Open ngthanhtrung23 opened 3 years ago
Hey @ngthanhtrung23! Thanks for bringing this up. I was partly aware of the possibility of this situation arising though thought that cases like these would be fairly uncommon. Well, turns out I was wrong.
I would agree that this is an inefficiency in Harwest though is something that can be addressed manually by starting Harwest from the next page by using the --start-page
configuration. This approach sure won't scale well if it happens rather often over a submission space of 150+ pages.
Fixing it would require a bit of an effort since the entire flow of the tool would have to be modified. As for the moment, maybe we can take up the approach recommended by @Mohammad-Yasser on https://codeforces.com/blog/entry/85788?#comment-735930 as a temporary solution?

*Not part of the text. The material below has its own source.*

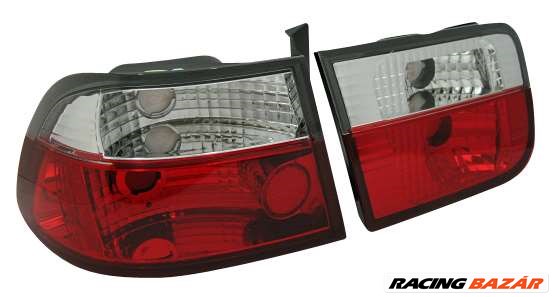 hátsó lámpa Honda Civic 2 ajtós 96-01 piros áttetszõ 1. kép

Yeah I was able to make it work for me by commenting out some code in workflow.py
:)
if not len(response) or not any(response):
break
I created this issue just to bring it to your attention as some other users may face this.
Way to go @ngthanhtrung23! You sure amaze me with how quick and easy it is for you to hack on any code. I'll indeed keep this issue open and keep an eye on it. If a lot of people complain about this then will for sure fix it at once. I have to admit I'm a bit lazy :D
@nileshsah I would suggest increasing the page size to 1000 or some huge number,
I was partly aware of the possibility of this situation arising though thought that cases like these would be fairly uncommon.
i think with such a huge number it would be very unlikely to occur? unless someone did 1000+ gym submission, also that would reduce the number of api calls as well
Great thinking there @s-i-d-d-i-s! It does seem like a possible idea that we can use. I remember the reason why I first went with the pagination approach of 50 was to keep it in parity with the submissions page on codeforces for easy tracking, though it might not be completely necessary. Let's take up your approach as a first iteration for dealing with this problem if more people request this feature. Hopefully should not hurt the user experience much.
How to reproduce:
harwest codeforces -p 5
What happens: the crawler stop without crawling anything, even though I have 150+ pages of submissions.
I think the reason is because page 5 has only my non-AC or gym submissions. So
self.client.get_user_submissions
returns an empty array, thus stopping the crawler.